Out in the Outdoors

By Emily Martin on June 22, 2021 in Blog

Adam JankeFor many people, getting outdoors can be meditative. Away from external pressures and expectations, it becomes easier to explore and develop a sense of self. For Adam Janke, public lands have been a particularly important space to explore identity.

"Being different is the defining experience in nature. Differences are what make ecology interesting. Examining those differences can help you accept your own,” said Janke, the statewide wildlife extension specialist with Iowa State University Extension and Outreach.

An avid hunter originally from Indiana, the outdoors have always been at the core of Janke’s identity. When he moved to South Dakota to pursue his PhD in Wildlife and Fisheries Sciences, Janke had a lot of solitary time outdoors, during which he began to define his own queerness.*

“I spent a lot of time alone in the field for my research. I spent a lot of time hunting. I had time alone with my identity. I came out as a gay man. It was a transformative time in my life,” Janke said.

Janke’s experience echoes that of others in Iowa’s lesbian, gay, bisexual, transgender, queer+ (LGBTQ+) community. Time alone outdoors provided Janke with time and literal space for personal introspection. But being in isolated areas can also make the process of coming out exceptionally challenging. Having places to explore identity and connect with community are invaluable. The outdoors offers opportunities to do both.

An increasing number of queer people are finding community in the outdoors. Groups like Queer Hikers of Iowa, Venture Out Project, Unlikely Hikers, Pattie Gonia and Wild Diversity, among others, provide opportunities for the LGBTQ+ community to connect, get outdoors together and see itself represented in outdoor spaces. They’re also raising awareness about the dangers LBGTQ+ people face outdoors because of continued discrimination based on gender identity or sexual orientation, and the need for increased advocacy for safer, more accessible and inclusive outdoor spaces in Iowa.

Janke is also committed to increasing visibility, building community and support for LGBTQ+ people in the conservation field. One way he does so is as organizer for Out in the Field (OiTF), a group formed by LGBTQ+ members of The Wildlife Society (TWS) in 2019, to “make LBGTQ+ TWS members more visible so that we can support and mentor each other, and work with our allies to foster a more inclusive, welcoming culture where diversity of all kinds is clearly embraced.” OiTF also provides education opportunities for other TWS members on topics like gender identity and how to create safe, affirming spaces.

“Diverse experiences among people create diverse voices. Diverse voices yield diverse ideas. Diverse ideas solve challenges and lift others up,” wrote Janke in a recent essay penned for Iowa Learning Farms about the value of diversity in ecology and the conservation community. 

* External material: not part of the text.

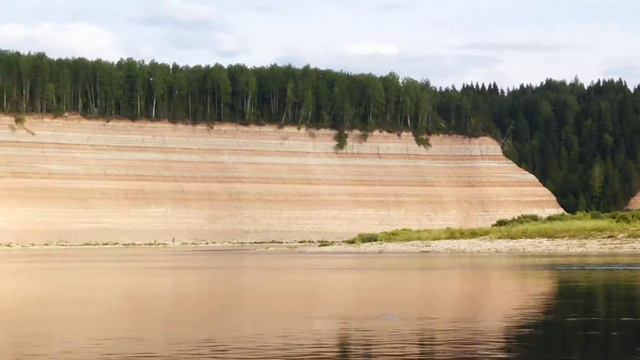 Обрыв у д.Опоки, река Сухона, вид с плота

Upon moving to Iowa, Janke fell in love with places like Boone Forks Wildlife Management Area in Hamilton County and Central Iowa’s trail system. He continues to enjoy exploring these areas independently as well as with others in Iowa’s LGBTQ+ community.

“It was at the intersection of my two identities, being queer and loving the outdoors, where I found community,” Janke said.

*In the past, queer was a negative or pejorative term for people who are gay. Today, the term is increasingly being used to describe all identities that go against normative beliefs, including those in the LGBTQ+ community with more fluid identities.